(Scraped caption text data)
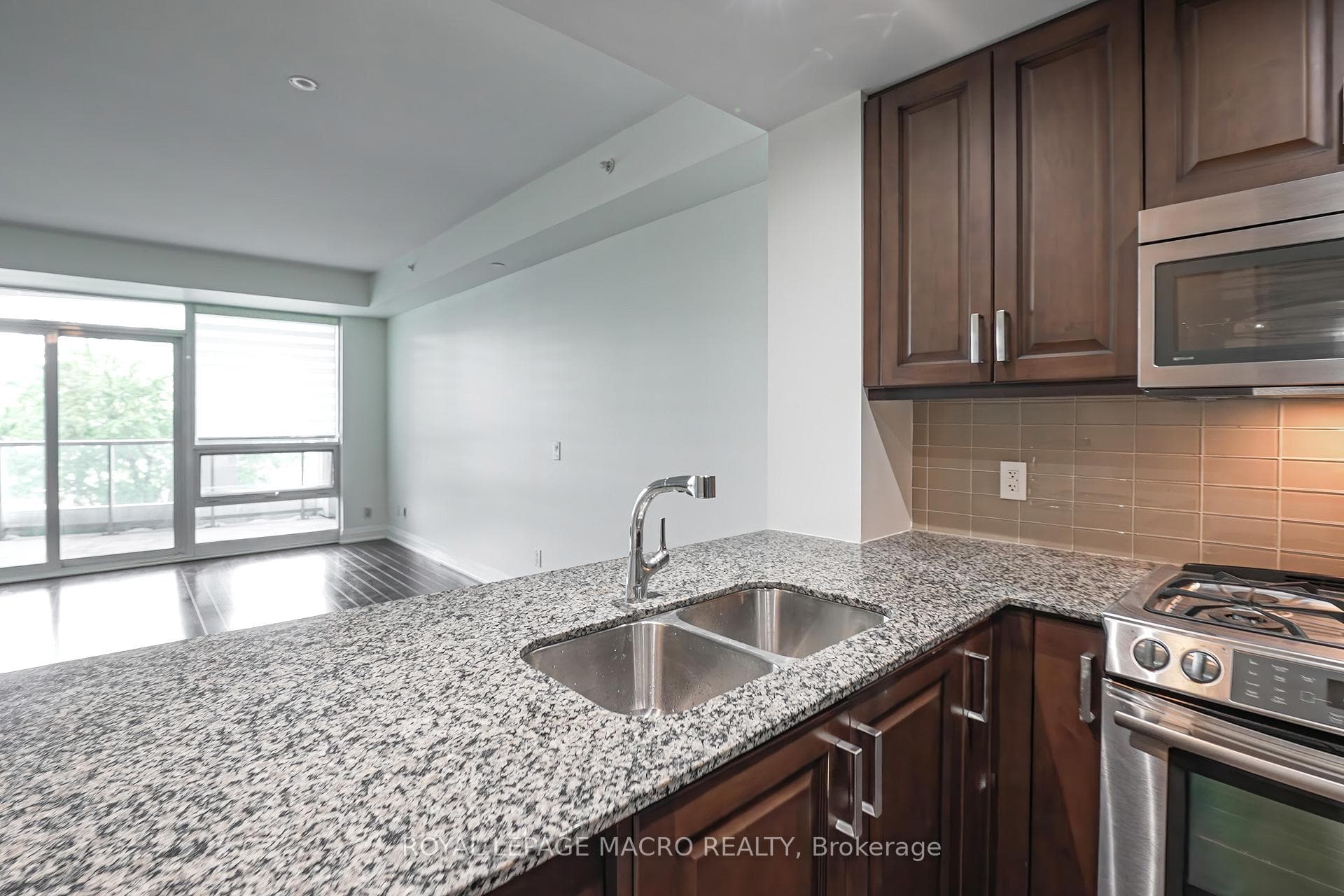 11 Bronte Road Unit 503 photo 9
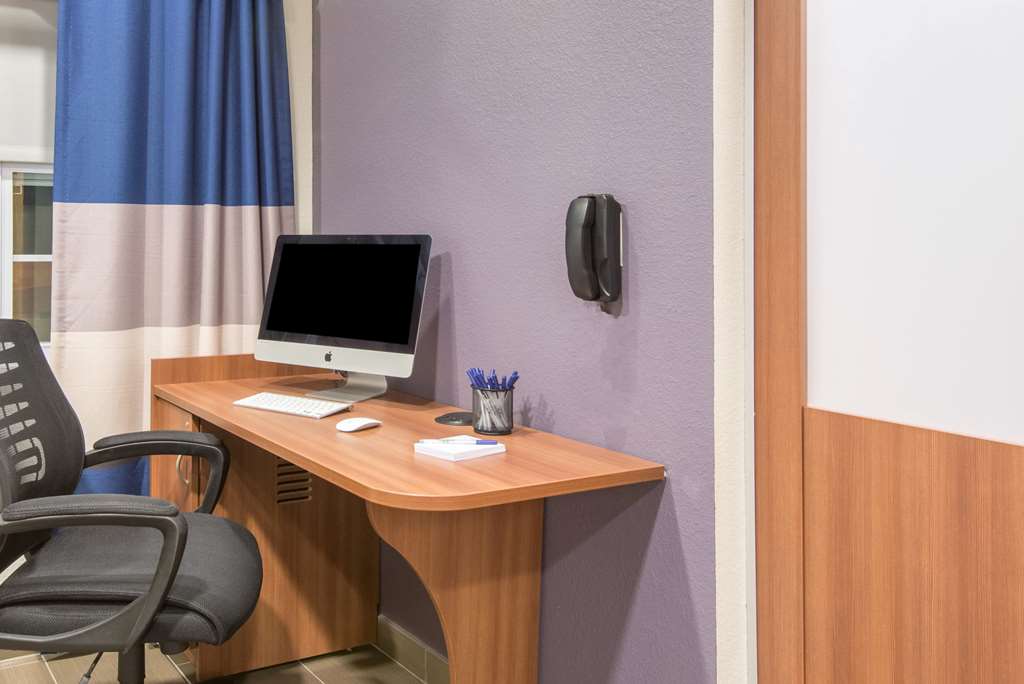 Microtel Inn & Suites By Wyndham Cadiz - photo 15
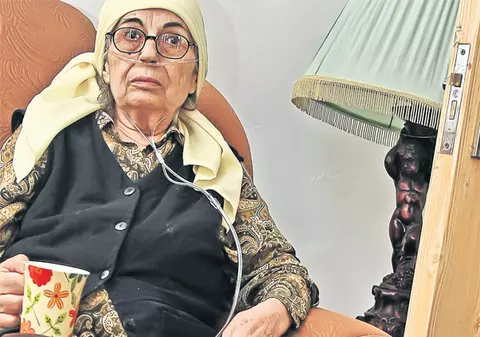 "Chiar trebuie să mor pentru că sunt săracă?" Povestea dureroasă a femeii care nu are bani pentru medicamentele care o ţin în viaţă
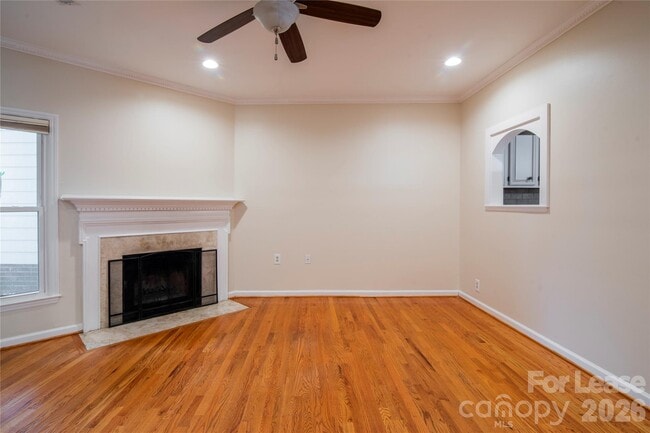 807 Greenleaf Ave
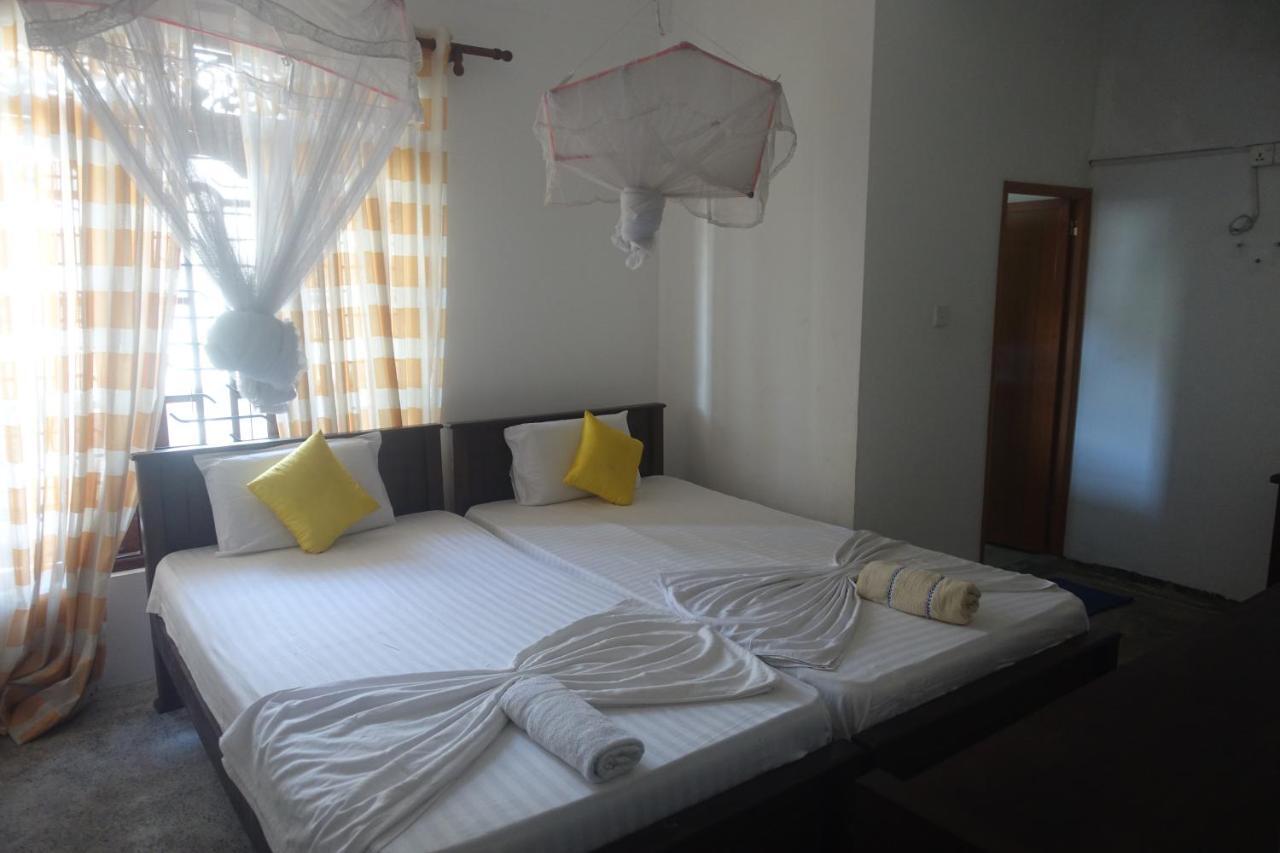 Wh Beach Resort Weligama Eksteriør bilde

### What you need to do
Retype all of the data above word for word, excluding the pictures.

### Reply
 11 Bronte Road Unit 503 photo 9
 Microtel Inn & Suites By Wyndham Cadiz - photo 15
 "Chiar trebuie să mor pentru că sunt săracă?" Povestea dureroasă a femeii care nu are bani pentru medicamentele care o ţin în viaţă
 807 Greenleaf Ave
 Wh Beach Resort Weligama Eksteriør bilde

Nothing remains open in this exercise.